_Task_
Using the entries that follow, write out the line containing "Hawaii Scuba divng 57", the line containing "DNCD desmantela histórica", and every line between them, exactly and nothing else.

_Dataset entries_
____________________

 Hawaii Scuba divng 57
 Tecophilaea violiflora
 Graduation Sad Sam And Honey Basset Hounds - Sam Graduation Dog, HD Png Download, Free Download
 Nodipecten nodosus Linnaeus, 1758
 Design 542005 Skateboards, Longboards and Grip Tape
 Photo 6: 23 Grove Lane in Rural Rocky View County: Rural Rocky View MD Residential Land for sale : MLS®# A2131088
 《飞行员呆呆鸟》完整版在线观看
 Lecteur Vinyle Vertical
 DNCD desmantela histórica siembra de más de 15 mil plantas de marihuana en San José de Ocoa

____________________

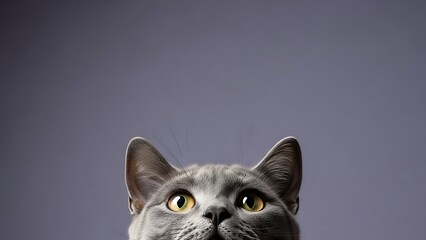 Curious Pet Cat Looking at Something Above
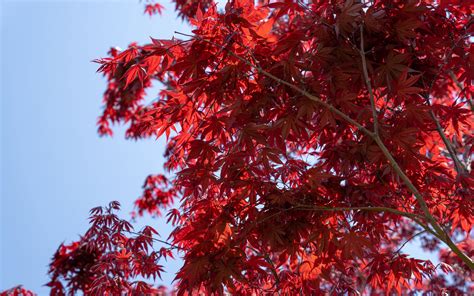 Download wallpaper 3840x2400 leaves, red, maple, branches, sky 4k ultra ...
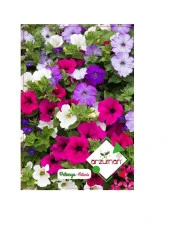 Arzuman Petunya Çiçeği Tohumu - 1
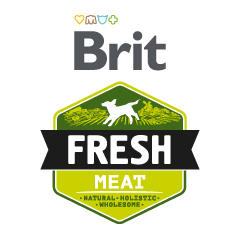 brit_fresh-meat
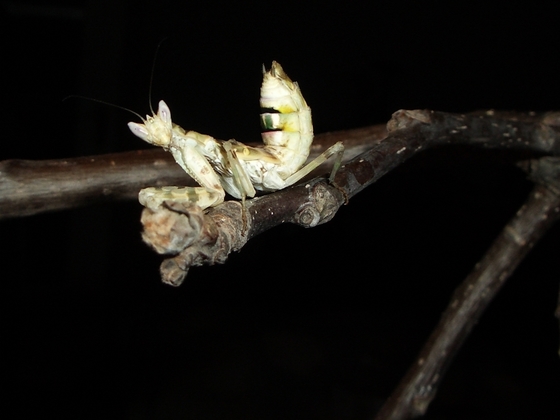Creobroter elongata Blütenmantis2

____________________

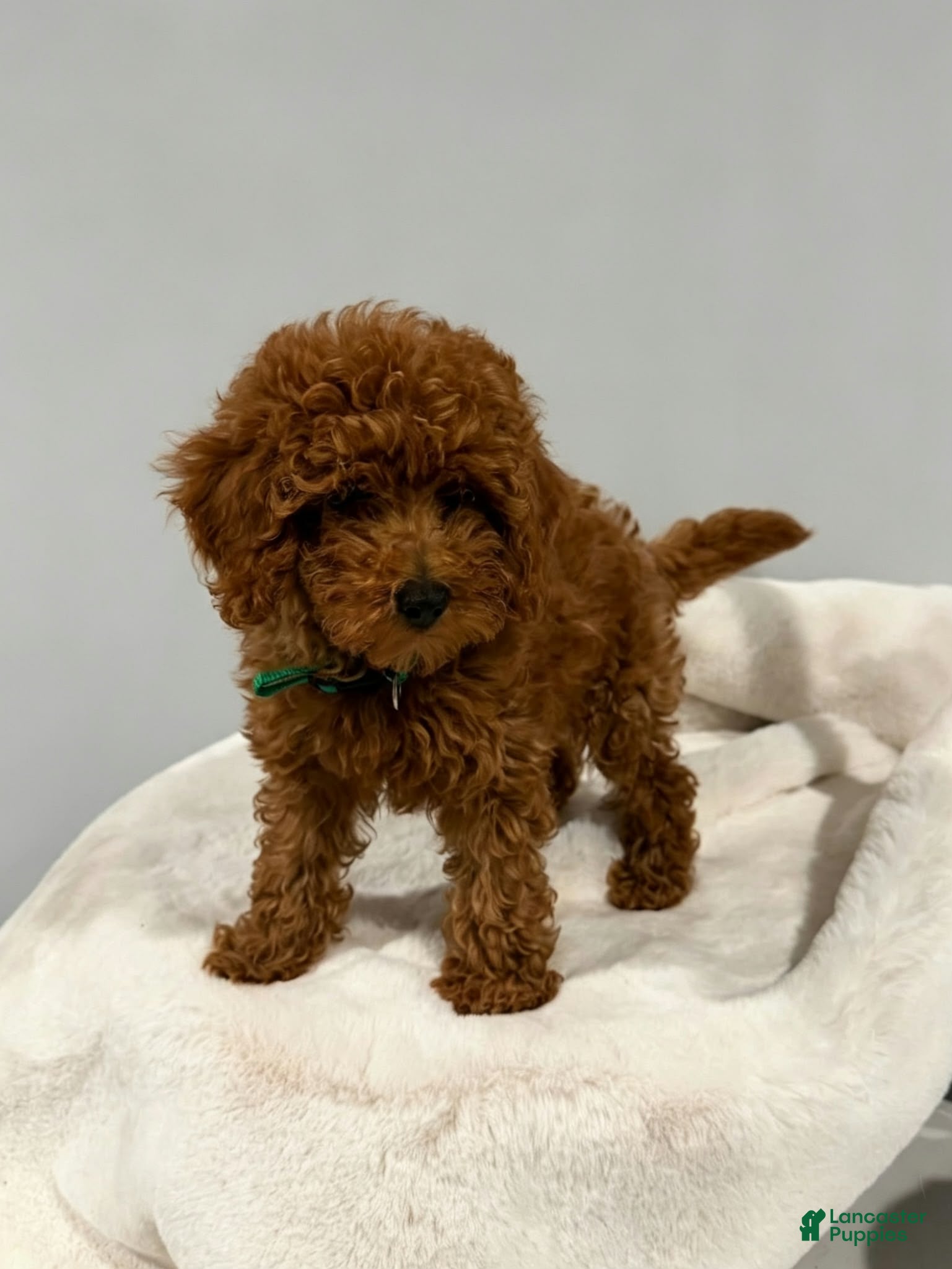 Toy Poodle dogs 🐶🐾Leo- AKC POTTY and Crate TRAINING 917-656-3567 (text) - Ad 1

____________________

_Reply to the exercise_
 Hawaii Scuba divng 57
 Tecophilaea violiflora
 Graduation Sad Sam And Honey Basset Hounds - Sam Graduation Dog, HD Png Download, Free Download
 Nodipecten nodosus Linnaeus, 1758
 Design 542005 Skateboards, Longboards and Grip Tape
 Photo 6: 23 Grove Lane in Rural Rocky View County: Rural Rocky View MD Residential Land for sale : MLS®# A2131088
 《飞行员呆呆鸟》完整版在线观看
 Lecteur Vinyle Vertical
 DNCD desmantela histórica siembra de más de 15 mil plantas de marihuana en San José de Ocoa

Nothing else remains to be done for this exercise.